*Exercise objective:*
Which of the lines in the records below hold the string "Skoda"? Copy every one of them.

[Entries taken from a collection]
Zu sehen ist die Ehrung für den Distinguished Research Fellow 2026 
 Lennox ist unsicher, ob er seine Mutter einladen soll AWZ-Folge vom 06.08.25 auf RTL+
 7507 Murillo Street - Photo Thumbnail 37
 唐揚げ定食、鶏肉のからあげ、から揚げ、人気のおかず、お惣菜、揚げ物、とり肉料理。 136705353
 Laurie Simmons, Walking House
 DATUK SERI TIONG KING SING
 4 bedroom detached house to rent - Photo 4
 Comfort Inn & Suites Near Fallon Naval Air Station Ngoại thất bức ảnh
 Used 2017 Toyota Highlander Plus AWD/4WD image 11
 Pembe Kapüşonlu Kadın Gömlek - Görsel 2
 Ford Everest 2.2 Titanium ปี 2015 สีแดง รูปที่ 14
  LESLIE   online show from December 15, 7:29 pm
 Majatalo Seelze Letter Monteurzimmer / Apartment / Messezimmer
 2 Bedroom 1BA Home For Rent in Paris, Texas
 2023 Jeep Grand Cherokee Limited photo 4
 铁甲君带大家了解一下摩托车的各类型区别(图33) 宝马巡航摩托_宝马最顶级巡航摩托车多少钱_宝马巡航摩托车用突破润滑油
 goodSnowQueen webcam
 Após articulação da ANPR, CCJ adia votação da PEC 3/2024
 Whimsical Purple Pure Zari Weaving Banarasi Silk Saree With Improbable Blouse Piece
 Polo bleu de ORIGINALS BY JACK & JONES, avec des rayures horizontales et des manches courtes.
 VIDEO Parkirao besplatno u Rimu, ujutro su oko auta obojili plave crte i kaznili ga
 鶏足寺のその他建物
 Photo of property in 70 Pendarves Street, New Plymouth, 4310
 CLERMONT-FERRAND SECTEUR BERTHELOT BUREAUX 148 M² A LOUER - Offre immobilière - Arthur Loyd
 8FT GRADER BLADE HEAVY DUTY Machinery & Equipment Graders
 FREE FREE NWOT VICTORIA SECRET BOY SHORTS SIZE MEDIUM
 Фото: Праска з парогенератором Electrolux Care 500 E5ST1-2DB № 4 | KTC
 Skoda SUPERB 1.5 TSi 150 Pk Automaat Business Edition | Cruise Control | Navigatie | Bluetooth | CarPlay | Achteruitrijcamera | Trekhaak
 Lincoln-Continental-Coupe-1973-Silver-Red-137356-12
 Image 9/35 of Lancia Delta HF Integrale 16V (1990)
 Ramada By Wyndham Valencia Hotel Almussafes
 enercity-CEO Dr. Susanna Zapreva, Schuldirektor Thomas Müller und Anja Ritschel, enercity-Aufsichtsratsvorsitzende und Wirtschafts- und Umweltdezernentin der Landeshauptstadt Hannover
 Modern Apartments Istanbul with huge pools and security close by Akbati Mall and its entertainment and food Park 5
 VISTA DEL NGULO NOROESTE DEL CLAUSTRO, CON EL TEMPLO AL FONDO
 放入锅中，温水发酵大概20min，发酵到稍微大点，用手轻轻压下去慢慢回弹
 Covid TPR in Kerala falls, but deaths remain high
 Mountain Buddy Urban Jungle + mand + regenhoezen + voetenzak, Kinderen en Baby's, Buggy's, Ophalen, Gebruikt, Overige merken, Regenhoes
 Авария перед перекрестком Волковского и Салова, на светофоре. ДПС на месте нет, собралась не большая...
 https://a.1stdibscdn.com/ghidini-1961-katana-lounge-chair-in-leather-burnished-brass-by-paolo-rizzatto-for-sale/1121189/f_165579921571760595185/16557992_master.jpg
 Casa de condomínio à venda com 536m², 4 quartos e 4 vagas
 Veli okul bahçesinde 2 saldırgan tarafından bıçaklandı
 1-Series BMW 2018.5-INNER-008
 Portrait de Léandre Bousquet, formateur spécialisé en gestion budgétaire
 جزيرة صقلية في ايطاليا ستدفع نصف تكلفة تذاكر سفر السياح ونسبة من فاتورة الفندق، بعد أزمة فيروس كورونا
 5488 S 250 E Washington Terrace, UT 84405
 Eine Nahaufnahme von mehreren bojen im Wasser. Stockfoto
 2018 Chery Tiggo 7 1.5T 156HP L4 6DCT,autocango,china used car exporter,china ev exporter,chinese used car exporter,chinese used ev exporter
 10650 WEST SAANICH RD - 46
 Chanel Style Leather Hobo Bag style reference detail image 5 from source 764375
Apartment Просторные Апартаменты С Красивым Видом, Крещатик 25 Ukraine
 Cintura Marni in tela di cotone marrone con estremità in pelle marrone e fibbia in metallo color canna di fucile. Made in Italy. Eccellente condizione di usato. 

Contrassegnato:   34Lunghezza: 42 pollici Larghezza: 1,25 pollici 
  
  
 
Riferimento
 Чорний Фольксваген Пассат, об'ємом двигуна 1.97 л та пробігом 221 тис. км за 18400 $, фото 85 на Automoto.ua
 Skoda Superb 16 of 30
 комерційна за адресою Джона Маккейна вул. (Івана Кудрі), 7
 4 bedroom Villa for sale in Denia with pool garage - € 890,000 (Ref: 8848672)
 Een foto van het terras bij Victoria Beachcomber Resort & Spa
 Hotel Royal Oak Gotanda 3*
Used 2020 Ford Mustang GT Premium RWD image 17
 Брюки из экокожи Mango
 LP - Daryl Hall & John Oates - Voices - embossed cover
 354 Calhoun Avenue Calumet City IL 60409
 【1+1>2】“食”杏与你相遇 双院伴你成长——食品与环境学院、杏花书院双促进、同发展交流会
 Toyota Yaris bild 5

*Solution to this task:*
 Skoda SUPERB 1.5 TSi 150 Pk Automaat Business Edition | Cruise Control | Navigatie | Bluetooth | CarPlay | Achteruitrijcamera | Trekhaak
 Skoda Superb 16 of 30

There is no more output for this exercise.